→ **Action item**
Below are records with pictures in them. Transcribe everything from the line containing "Domy Pobliżu Miejscowości" down to the line containing "Used Volkswagen Jetta", exactly, and leave the pictures behind.

→ **Extracted information**
......

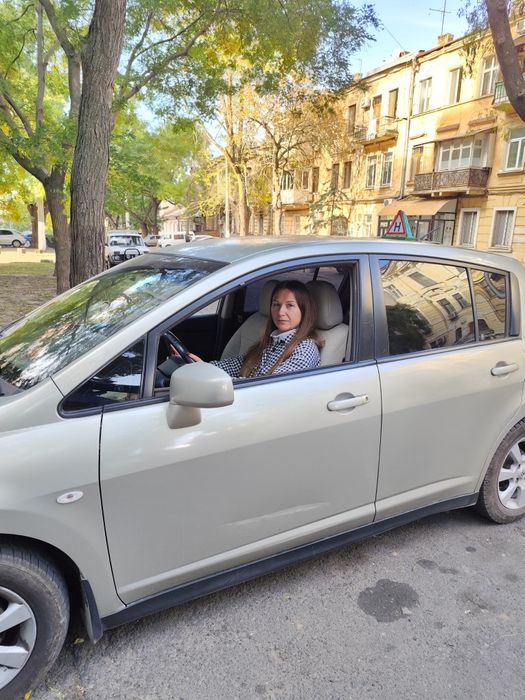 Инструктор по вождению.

......

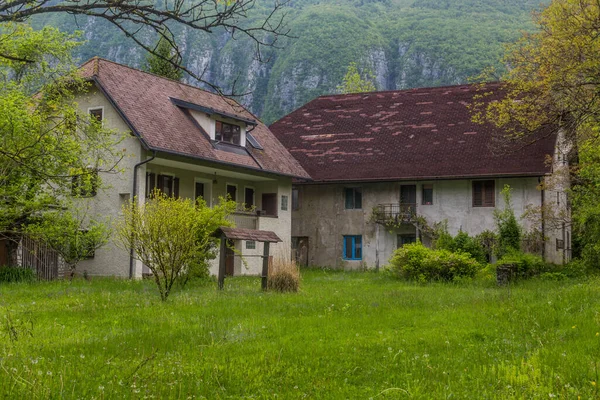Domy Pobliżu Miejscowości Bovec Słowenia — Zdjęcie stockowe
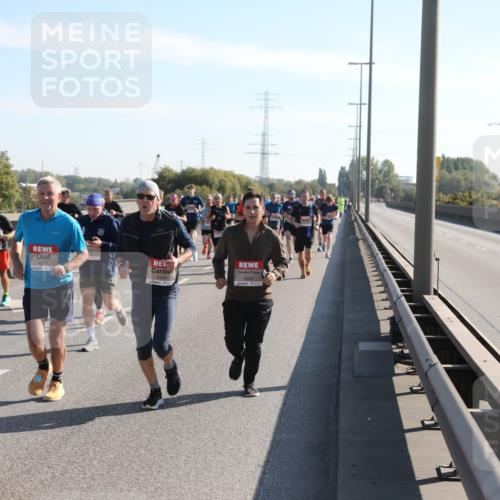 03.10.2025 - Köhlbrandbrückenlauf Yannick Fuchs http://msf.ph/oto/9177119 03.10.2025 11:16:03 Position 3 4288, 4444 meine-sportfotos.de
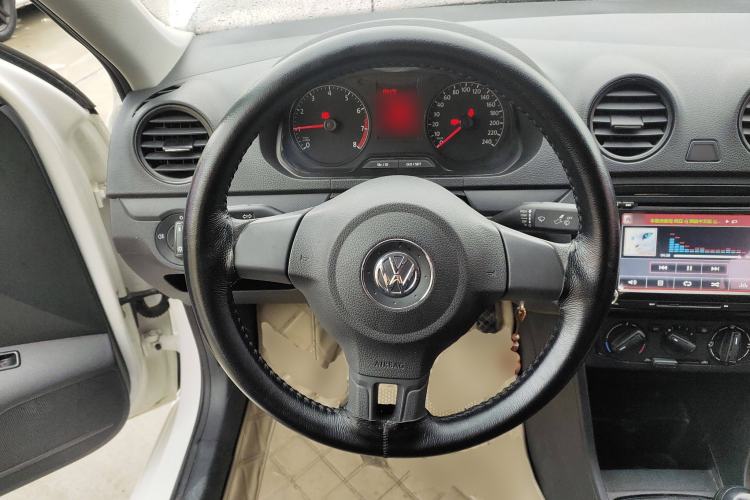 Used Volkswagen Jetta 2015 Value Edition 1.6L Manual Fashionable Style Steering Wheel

......

→ **Answer section**
Domy Pobliżu Miejscowości Bovec Słowenia — Zdjęcie stockowe
 03.10.2025 - Köhlbrandbrückenlauf Yannick Fuchs http://msf.ph/oto/9177119 03.10.2025 11:16:03 Position 3 4288, 4444 meine-sportfotos.de
 Used Volkswagen Jetta 2015 Value Edition 1.6L Manual Fashionable Style Steering Wheel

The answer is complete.